* [What needs to be done]: For the records that follow, please set down exactly the lines between the one holding "Psychedelic Screaming Skull" and the one holding "Personalised Cushion Cover", inclusive, and only those.

--

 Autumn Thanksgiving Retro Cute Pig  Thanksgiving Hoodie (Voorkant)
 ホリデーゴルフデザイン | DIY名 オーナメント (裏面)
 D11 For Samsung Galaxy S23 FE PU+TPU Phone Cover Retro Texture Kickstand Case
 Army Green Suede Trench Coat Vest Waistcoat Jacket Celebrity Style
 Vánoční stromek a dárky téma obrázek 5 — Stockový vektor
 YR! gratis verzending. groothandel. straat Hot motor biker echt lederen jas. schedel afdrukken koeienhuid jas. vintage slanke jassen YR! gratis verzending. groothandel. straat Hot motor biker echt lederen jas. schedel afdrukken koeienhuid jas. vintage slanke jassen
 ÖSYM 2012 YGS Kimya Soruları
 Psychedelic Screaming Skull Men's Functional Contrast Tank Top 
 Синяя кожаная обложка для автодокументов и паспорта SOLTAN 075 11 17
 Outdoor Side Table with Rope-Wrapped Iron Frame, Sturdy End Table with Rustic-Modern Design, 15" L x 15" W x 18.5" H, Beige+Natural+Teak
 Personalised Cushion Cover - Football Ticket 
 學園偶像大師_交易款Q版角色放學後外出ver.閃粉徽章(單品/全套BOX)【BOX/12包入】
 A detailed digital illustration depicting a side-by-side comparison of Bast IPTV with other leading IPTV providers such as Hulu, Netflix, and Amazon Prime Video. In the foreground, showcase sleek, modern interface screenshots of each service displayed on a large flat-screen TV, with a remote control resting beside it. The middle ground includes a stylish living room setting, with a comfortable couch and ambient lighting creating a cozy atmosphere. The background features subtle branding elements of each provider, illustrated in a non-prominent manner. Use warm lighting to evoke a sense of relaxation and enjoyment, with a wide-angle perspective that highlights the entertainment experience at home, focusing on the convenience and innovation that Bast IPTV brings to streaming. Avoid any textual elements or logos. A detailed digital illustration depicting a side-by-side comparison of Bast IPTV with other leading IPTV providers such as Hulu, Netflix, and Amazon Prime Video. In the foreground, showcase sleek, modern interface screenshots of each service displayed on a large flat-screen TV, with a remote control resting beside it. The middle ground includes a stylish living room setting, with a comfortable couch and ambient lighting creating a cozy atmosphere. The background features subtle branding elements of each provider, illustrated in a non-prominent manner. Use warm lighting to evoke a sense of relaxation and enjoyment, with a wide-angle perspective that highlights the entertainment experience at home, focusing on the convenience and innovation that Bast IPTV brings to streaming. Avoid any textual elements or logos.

--

* [Your response]:
 Psychedelic Screaming Skull Men's Functional Contrast Tank Top 
 Синяя кожаная обложка для автодокументов и паспорта SOLTAN 075 11 17
 Outdoor Side Table with Rope-Wrapped Iron Frame, Sturdy End Table with Rustic-Modern Design, 15" L x 15" W x 18.5" H, Beige+Natural+Teak
 Personalised Cushion Cover - Football Ticket 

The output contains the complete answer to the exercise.